Do we have a great state Supreme Court or what? Just back from telling the legislature once again that the state Constitution meant what it said about providing a suitable and equal education to all kids, the justices Thursday declared that a local act was, well, just that, a local act, and thus unconstitutional.
The hope is that the decision, though not quite unanimous, will spell a merciful end to the logrolling pork barrel that soaks up tens of millions of dollars — likely hundreds of millions next spring — of taxpayers’ money for political backscratching projects every two years. It will not be quite that easy, but the promise of another lawsuit may deter some of the grab. The legislature may return to a thoughtful analysis of the state’s capital needs but don’t count on it.
Legislators the past four years have begun to carve up the state’s cash balances among themselves — 135 strong — for local projects. Often the only justification is that a project — street improvements, a clubhouse, a local museum — will cement political support.
Mike Wilson, the churlish former representative from Jacksonville, sued the state last year over a bunch of appropriations for community projects in his area, several awfully popular in his own neighborhood and authored by his friend, Rep. Will Bond. Bond was not one of the brotherhood that built the system, but as every constituent should expect he got his share like everyone. Wilson, at any rate, won no friends for his trouble.

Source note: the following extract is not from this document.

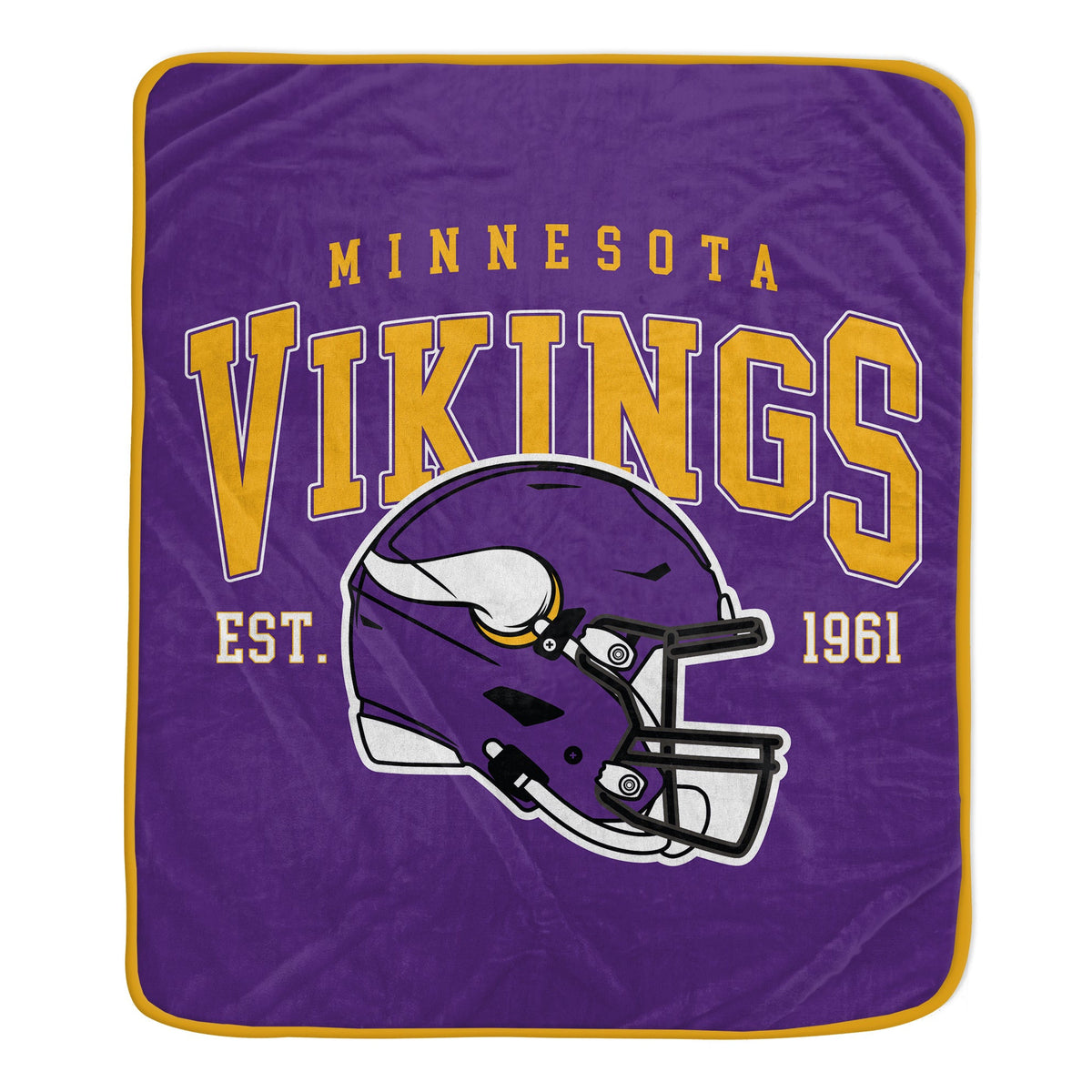 Minnesota Vikings NFL Team Vintage Helmet Cozy Throw 50x60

Technical issues knocked several of the questionable appropriations out of the suit, but the justices dealt with one, a $400,000 appropriation for street lights and other improvements in the hamlet of Bigelow (Perry County), the home of Sen. Bob Johnson, the head of a group called The Brotherhood, which perfected the fiscal spoils system.

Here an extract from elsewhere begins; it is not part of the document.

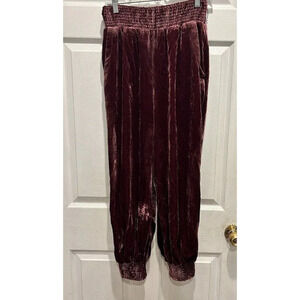 Anthropologie Gloria Velvet Joggers Pants Burgundy Womens S Pockets Harem Cozy‎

The Arkansas Constitution says flatly that the legislature may not enact local or special legislation. Previous courts have been generous in interpreting what local or special legislation means, but they said an act had to have a statewide, not merely a local, purpose and that there had to be a rational basis for judging it so.

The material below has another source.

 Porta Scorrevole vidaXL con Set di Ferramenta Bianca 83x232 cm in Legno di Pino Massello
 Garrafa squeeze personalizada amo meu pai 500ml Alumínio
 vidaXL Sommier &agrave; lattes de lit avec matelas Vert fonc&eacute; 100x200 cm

Bigelow and the attorney general, who had to defend all the legislation, said the town was close to some tourist attractions and that improving its streets and sewers facilitated tourism across the state.
Six of the justices did not buy it and they were unequivocal. Wilson argued that every hamlet in Arkansas could make the same claim of statewide import for any sort of project, and the justices agreed.
Wilson v. Weiss is at least an encouraging precedent. It is a shot across the bow of the General Assembly. With nearly $1 billion in balances in the treasury, we can hope that nearly all of it now can be spent on the pressing needs of the state — schools, colleges, prisons and health facilities — and little on political capital for the politicians.